Isenberg MBA Alumnus Helps Bring Energy to Developing Nations
October 24, 2019
For Mikael Karlsson, securing energy for developing nations is “enormously satisfying.” It also represents a market with a fantastic financial upside. A 1990 Isenberg MBA graduate, Karlsson is head of energy and infrastructure at the London-based investment firm Actis. (He is also a partner and member of the firm’s executive committee.) Actis—a leading investor in growth markets across Africa, Asia, and Latin America—comprises four businesses: private equity, energy, infrastructure, and real estate. Capital from its private investors supports 70 companies around the globe. “We are resolutely local,” notes the firm’s web site.
“Energy is an exciting market,” Karlsson observes. “We’re looking at $20 trillion in capital between now and 2040, of which developing nations need $14 trillion. That’s $1.7 billion every day, including half a billion in renewables.” The market, he emphasizes, is moving increasingly toward sustainable, renewable energy—clean, cost-effective energy that propels overall economic development. In addition to its 16 power company investments on four continents, Actis invests in high-growth utilities. That includes introducing cost-effective practices and capitalizing new sources of renewable energy and improved infrastructure. Examples include wind and solar farms in South Africa, Kenya, India, Brazil, and Mexico.
For Karlsson and Actis, assessing risk demands scrutiny of a country’s political climate and legal considerations as well as traditional financial modeling and forecasting. For a wind farm in Honduras, for example, Actis protects its investment with a 25-year purchase agreement that guarantees an annual payout secured by the Honduran government. In many investments, Actis spreads its risk by opting for a blended package of traditional and renewable energy sources.
Growing Into New Endeavors
Karlsson’s MBA from Isenberg complemented his earlier master’s degree in engineering from Linkoping Institute of Technology in Sweden. Isenberg, he said, helped him to broaden his repertoire of business and leadership skills. “I am innately curious. I have never stopped learning,” he confesses. After Isenberg, he joined ABB Energy Ventures, a prominent London-based developer and investor in power projects, where he held senior management positions. In 2002, he joined Globleq (formerly owned by Actis), serving as its CEO from 2009 to 2015. He has excelled in his present role at Actis since 2012.

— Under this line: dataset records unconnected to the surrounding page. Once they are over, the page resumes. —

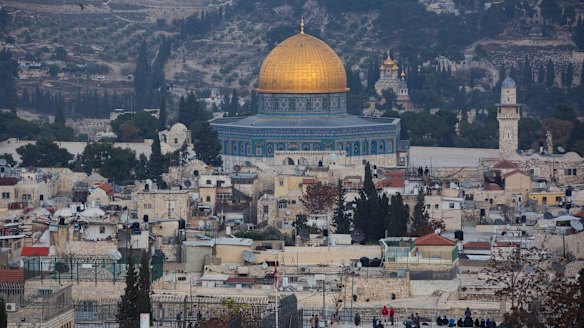 A view of Jerusalem's old city.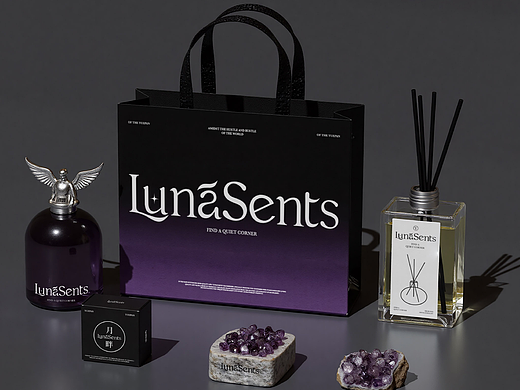 lunaScents/月畔-香薰品牌设计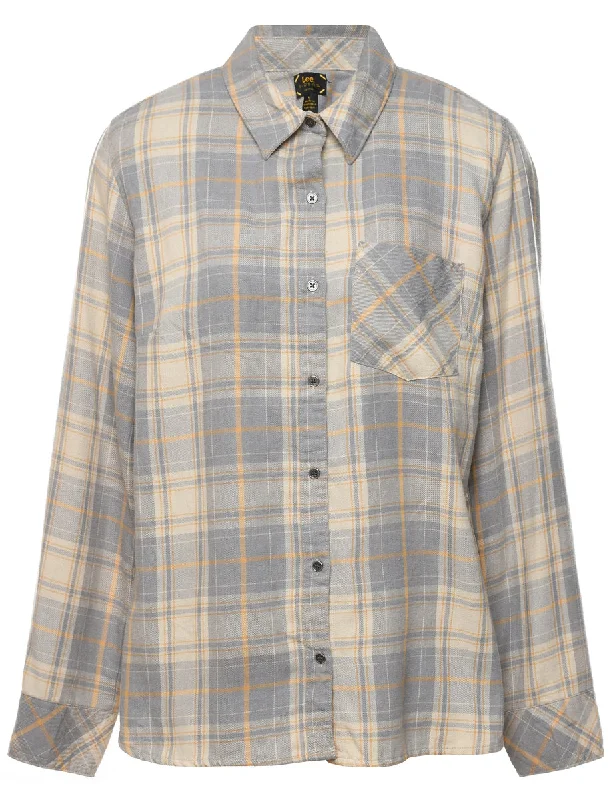 Lee Checked Shirt - L Edgy Women's Punk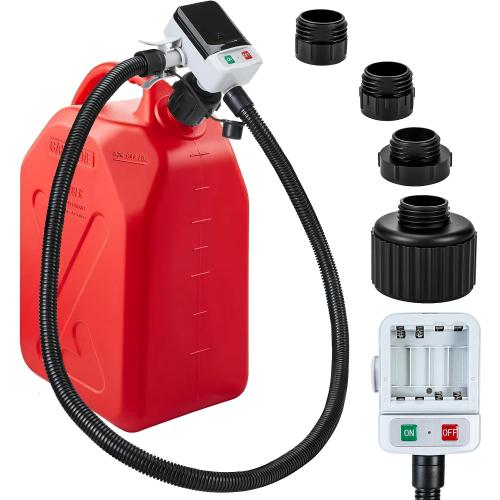 Fuel Transfer Pump Battery Powered Auto-Stop | Overfill Protection Electric Gas Can Pump for Gasoline, Diesel & Oil, Cordless Gas Pump Transfer Liquid with 3.2 GPM for Car, Truck, Lawn Mower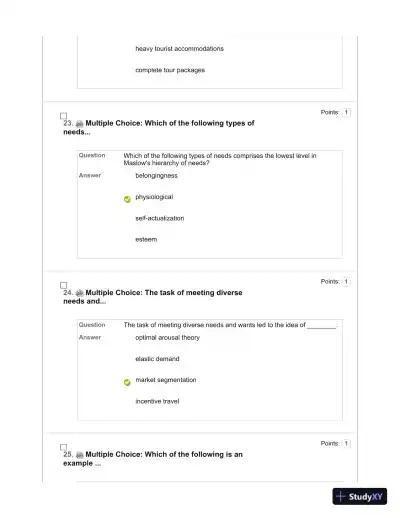 Tourism: The Business of Hospitality and Travel, 5th Edition Test Bank - Page 20 preview image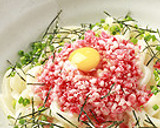 冷凍うどんで簡単！牛とろうどん♪作り方5写真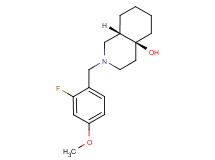 (4aS*,8aS*)-2-(2-fluoro-4-methoxybenzyl)octahydroisoquinolin-4a(2H)-ol
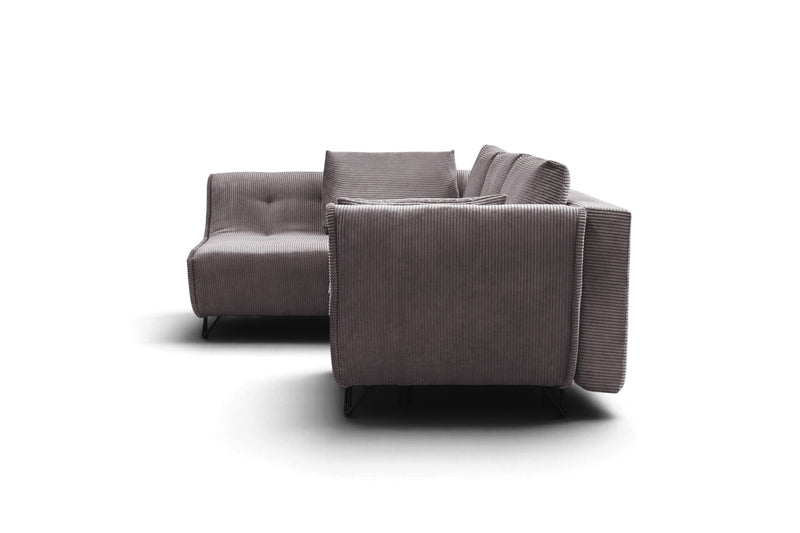 Cocoli Sectional W/ Bed Dark Taupe Set - p14467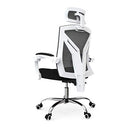 Hbada Ergonomic Office Chair High Back Desk Chair recliner Support - White - Brand New
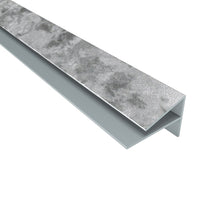 Load image into Gallery viewer, Fasade - 4 ft Decorative Vinyl Large Profile Inside Corner Trim Argent Silver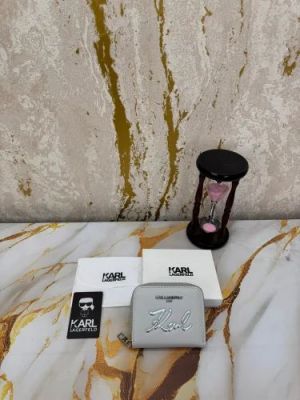 Karl lagerfeld Zipper Around Wallet With Box (KXD016) 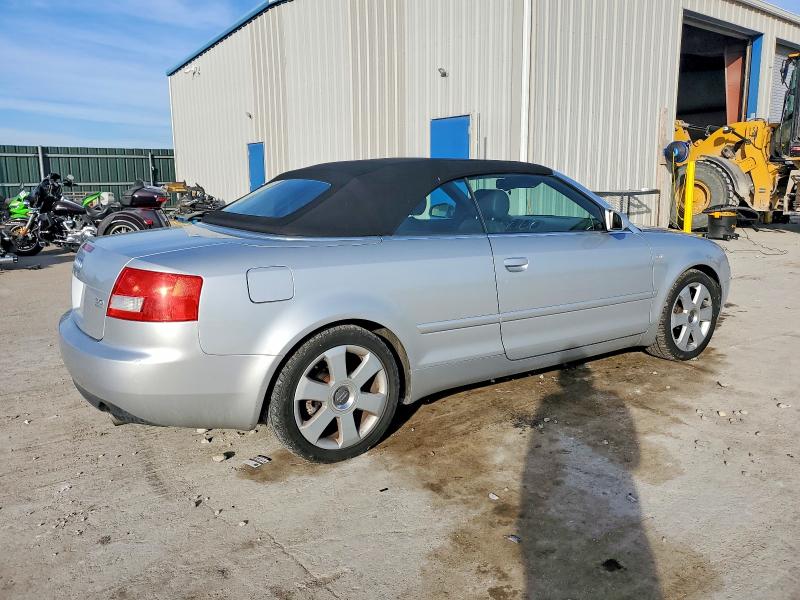 Photo 3 from auction – 2005 AUDI A4 QUATTRO with VIN WAUDT48H95K019343
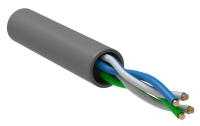 Кабель витая пара U/UTP кат.5E 2PR 24 AWG PVC 1м сер. РФ (уп.100м) GENERICA BC1-C5E02-111-100-R-G Кабель витая пара U/UTP кат.5E 2PR 24 AWG PVC 1м сер. РФ (уп.100м) GENERICA BC1-C5E02-111-100-R-G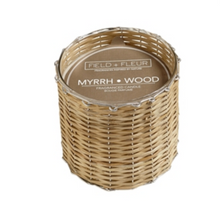 Load image into Gallery viewer, Myrrh Wood Handwoven Candle
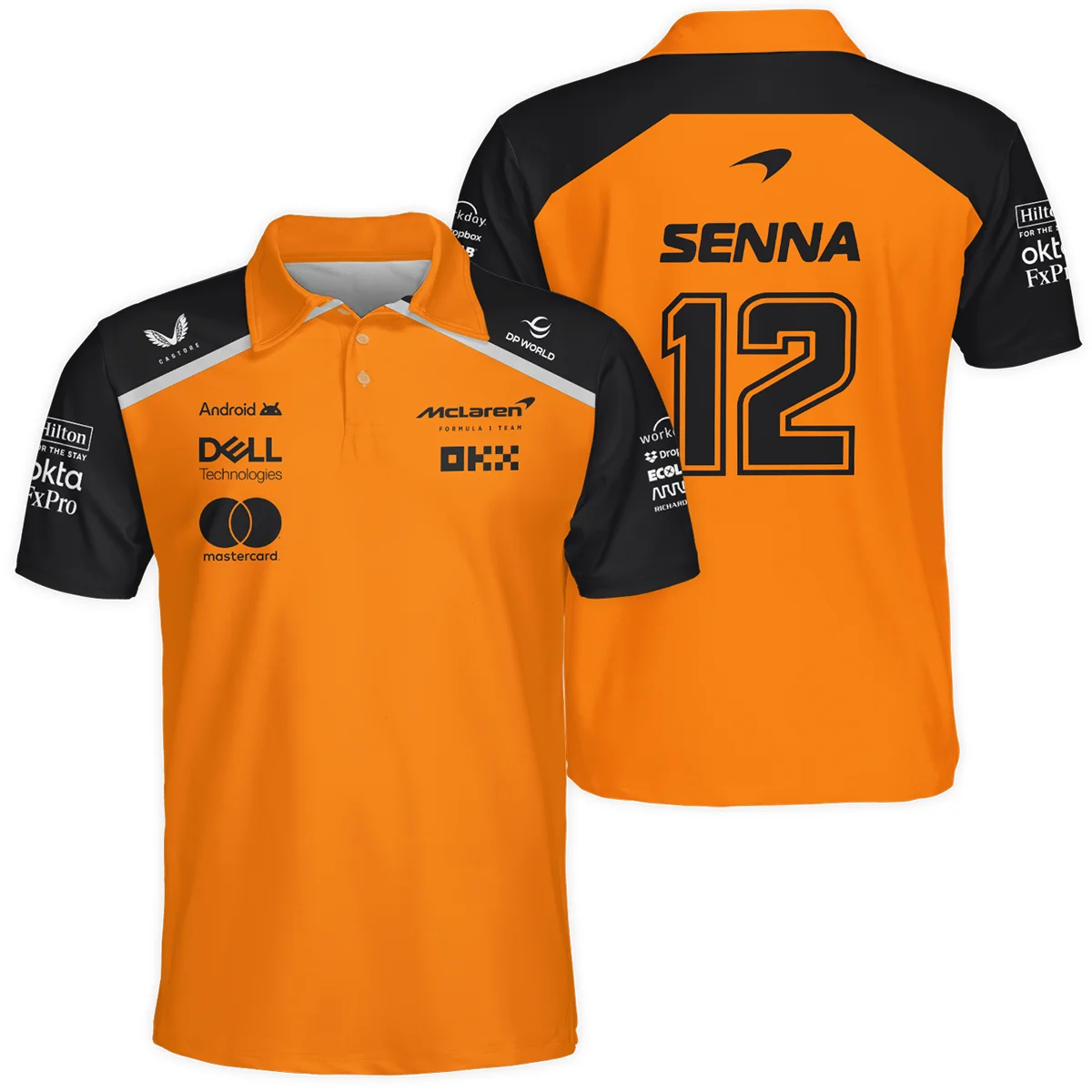 Ayrton Senna The Racing Legend McLaren F1 Polo Shirt Unisex Motorsport Apparel BLF16625A2PL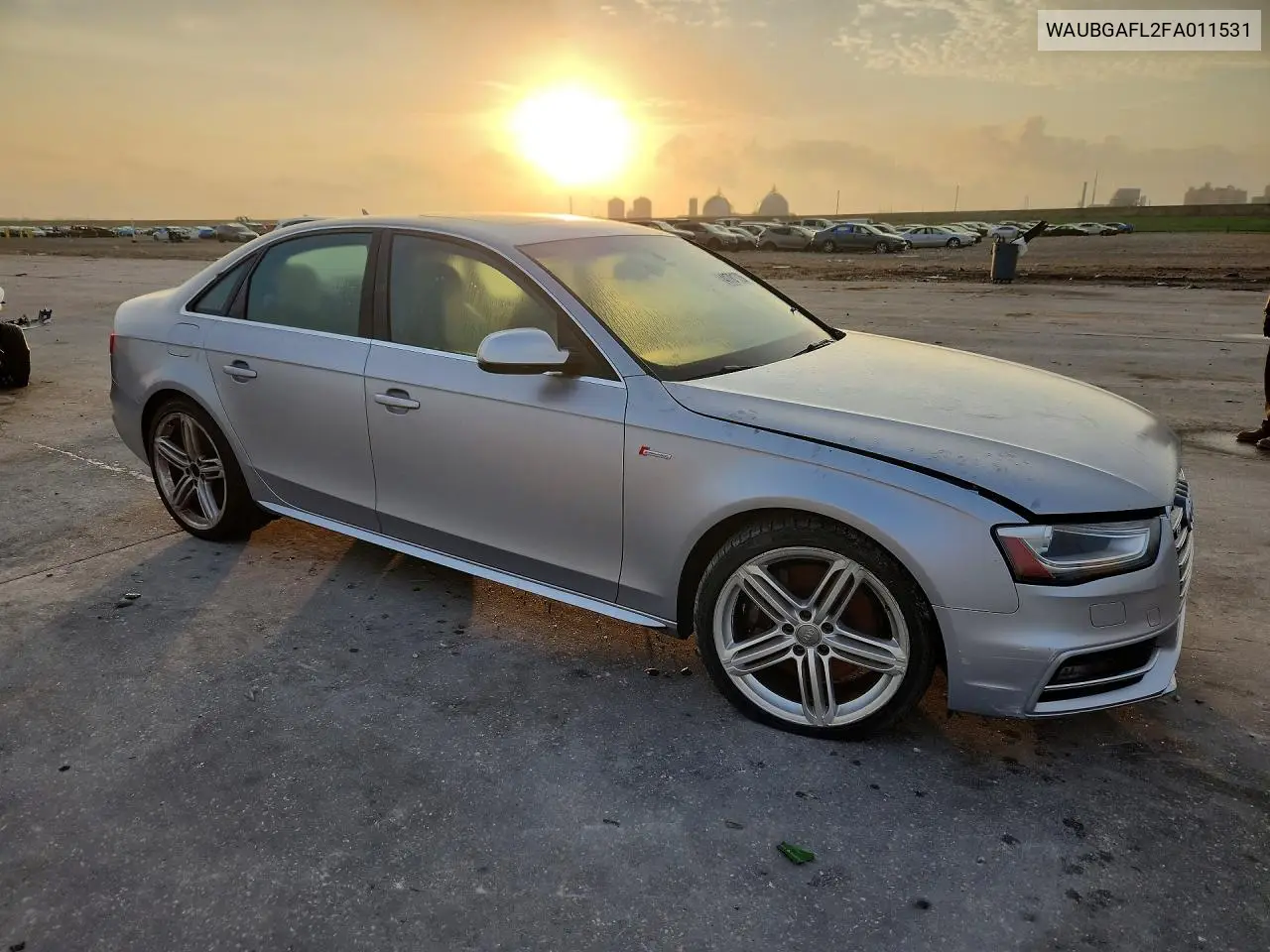 2015 Audi S4 Premium Plus VIN: WAUBGAFL2FA011531 Lot: 41781726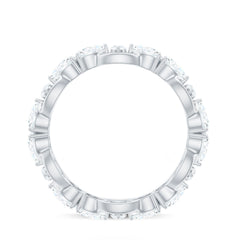Certified Moissanite Designer Wedding Band
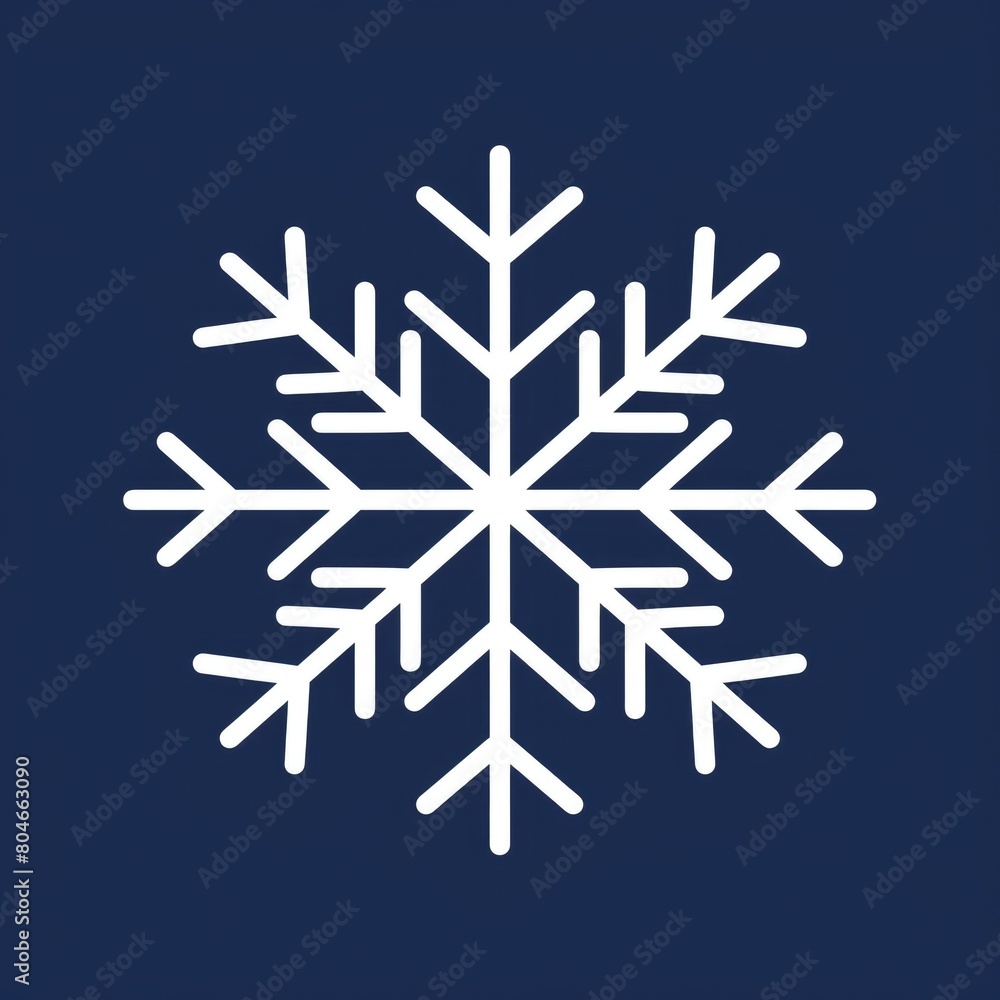 Snowflake Solid Line Icon. Winter Weather and Cold Forecast Icon with Ice Crystals and Meteorology Snowflake Solid Line Icon. Winter Weather and Cold Forecast Icon with Ice Crystals and Meteorology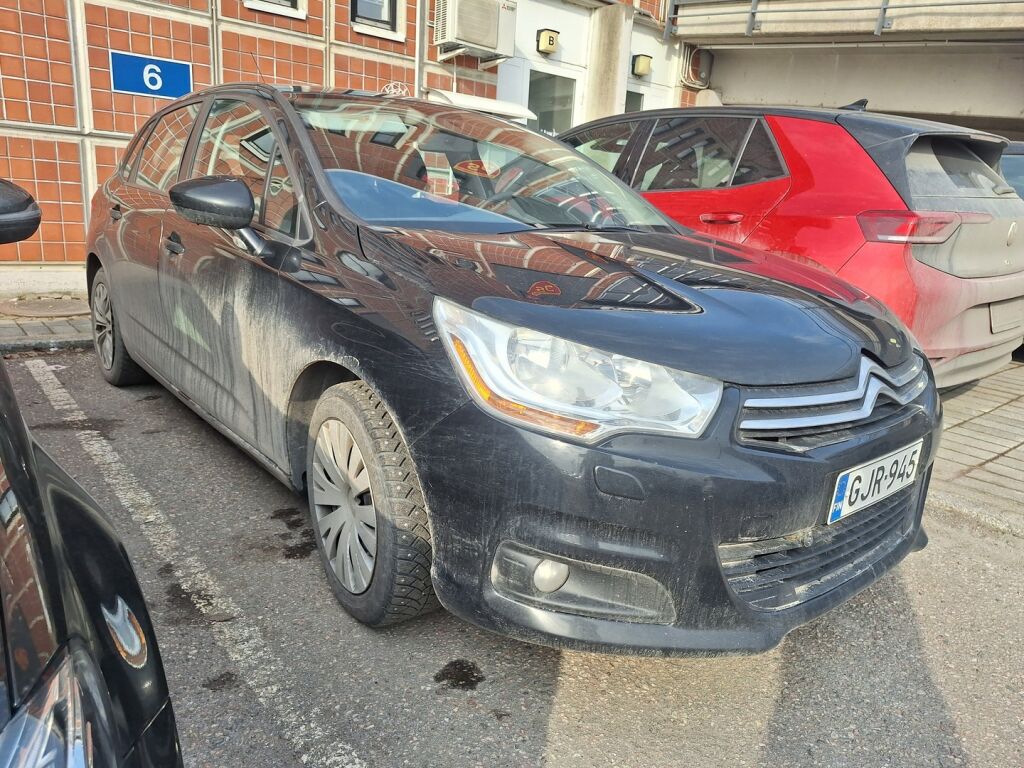 Citroen C4 2011 Musta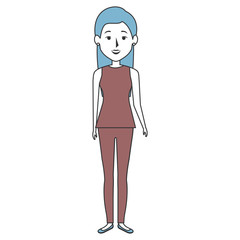 beautiful woman avatar character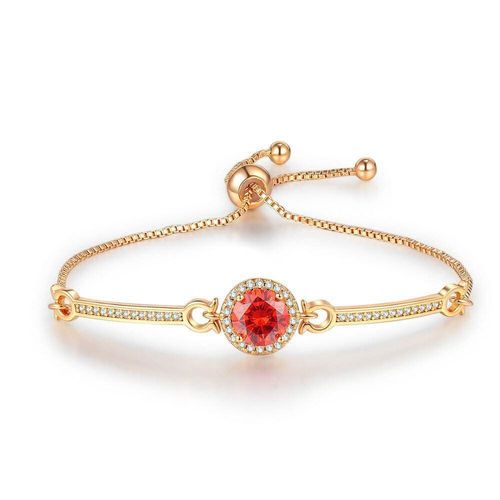 African Wedding Fashion Jewelry Set for Women, Gold Plated Red Crystal Bridal Necklace Earrings Ring Bracelet, Party, Church & Aso Ebi Accessories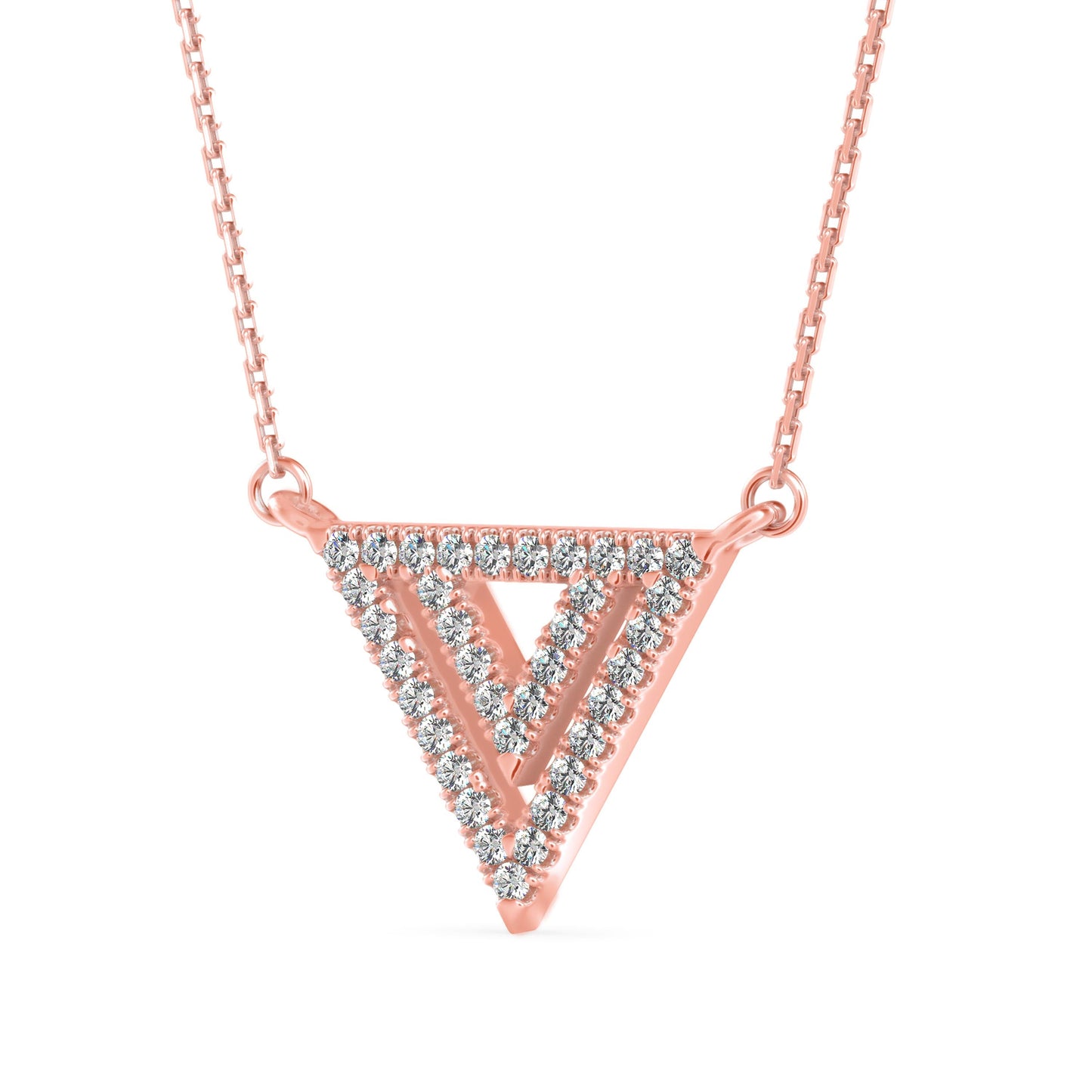 Sparkling Cascade Pendant Rose Gold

In recent years, Karlsson has teamed up with fellow Isenberg MBA graduate Michael Philipp to advocate for creation of sustainability programming at Isenberg. The two plan to continue their conversations with the school’s new dean, Anne Massey. The proposed program, says Karlsson, is sure to motivate Isenberg students. “They need to get into things that unleash their passions—like making the world a better place,” he insists. “Focus on that as motivation… the financial side will come.”